Thursday, 15 December 2011

Sleep.

Sleep does not seem to come easily for me these days and it is getting increasingly annoying. Of course the more I worry about not sleeping the worse it gets. I have never been too good a sleeper, and I think my mother will testify to that statement. She used get my Dad to drive around the streets with me on the back seat in my baby basket until I fell asleep. Actually until I learnt to drive I would fall as sleep in any car night or day if you drove me over 5 miles. Now it is not so easy. I try to tire myself out during the day, but at the moment nothing seems to work. My brain kicks into gear and starts thinking all sorts of crap that I really don't need to get myself into a tiz over. I have even resorted to Nytol, but that apparently is having no effect tonight either, hence me blogging at one in the morning.

What to do?

If only I were the sleepy kitten!

"Many things such as loving, going to sleep or behaving unaffectedly are done worst when we try hardest to do them"
C.S.Lewis



Monday, 12 December 2011

Keeping busy.

I have managed to have a fairly productive day today, which is good because it stops or at least slows down the continual ache in my brain of things people have done or said, or not done and said, as the case may be. I have always found it incredibly difficult to stop this self inflicted mental torture from happening. I can not just let things go. I always hope that other people will be like me and want satisfactory answers and conclusions, especially when it comes to relationships, but they just never seem to. I don't know if this a difference between men and women or wether it is just me, but it drives me insane. I always want answers and I never ever get them. The art of oral communication seems to be lost on some people.

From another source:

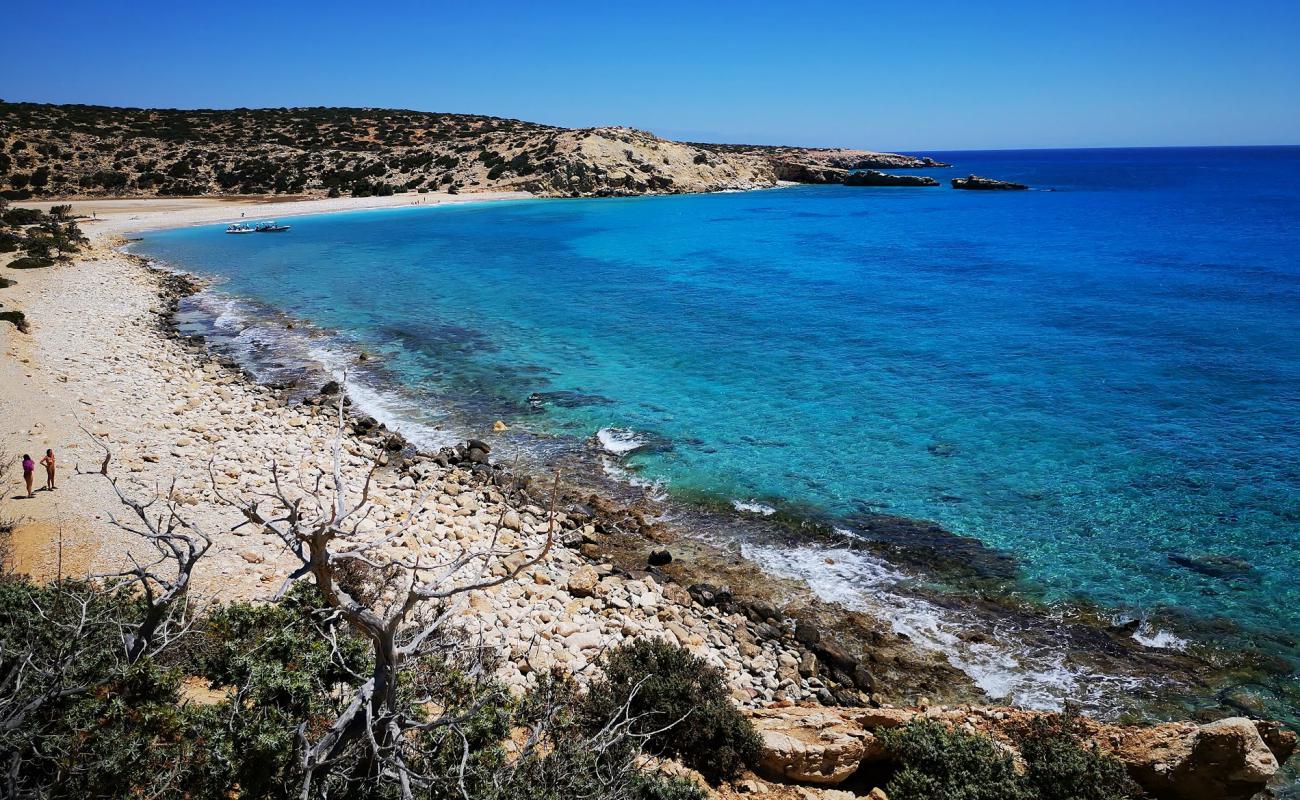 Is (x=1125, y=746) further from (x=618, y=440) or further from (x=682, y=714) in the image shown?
(x=618, y=440)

Anyway, moving on. I have eventually had some prints done of my big climbing trip and popped out to Ikea this morning to get some frames. I am quite pleased with the results especially my jaggy heart shaped cactus which I took in the amazing Hueco Tanks National Park, Texas. Seeing it on display in my hall every day will hopefully help bring back lots of great memories of fantastic climbing and fabulous people.


I had quite a good session of climbing down at the wall tonight, although for some reason my legs were really shakey for no good reason which was a bit off putting. I think it may be a result of my fairly alcoholic weekend. However I managed to haul myself up a few lines which were quite satisfying. I have been unmotivated for climbing these last few months, which in itself is upsetting as it is one the few things in my life that I really love to do. I know where the lack of motivation is coming from, for the most part, and am desperately trying to turn this around. I would hate to fall out of love with climbing as it has been a great companion and helped me through many troubled times. Yet you can't force these things, like any good relationship you have to give respect and care in order for it to be healthy and worthwhile. 

Happy moment of the day, being given a box of homemade gluten free mince pies by the lovely Nick. Very delicious. xx



Sunday, 11 December 2011

Chapter 40.

It has been quite a while since I last blogged, but am going to start trying to do regular posts of some description again. The posts sadly will not be of wonderful travels (at least not for a while) but general musings, photos and maybe the odd rant.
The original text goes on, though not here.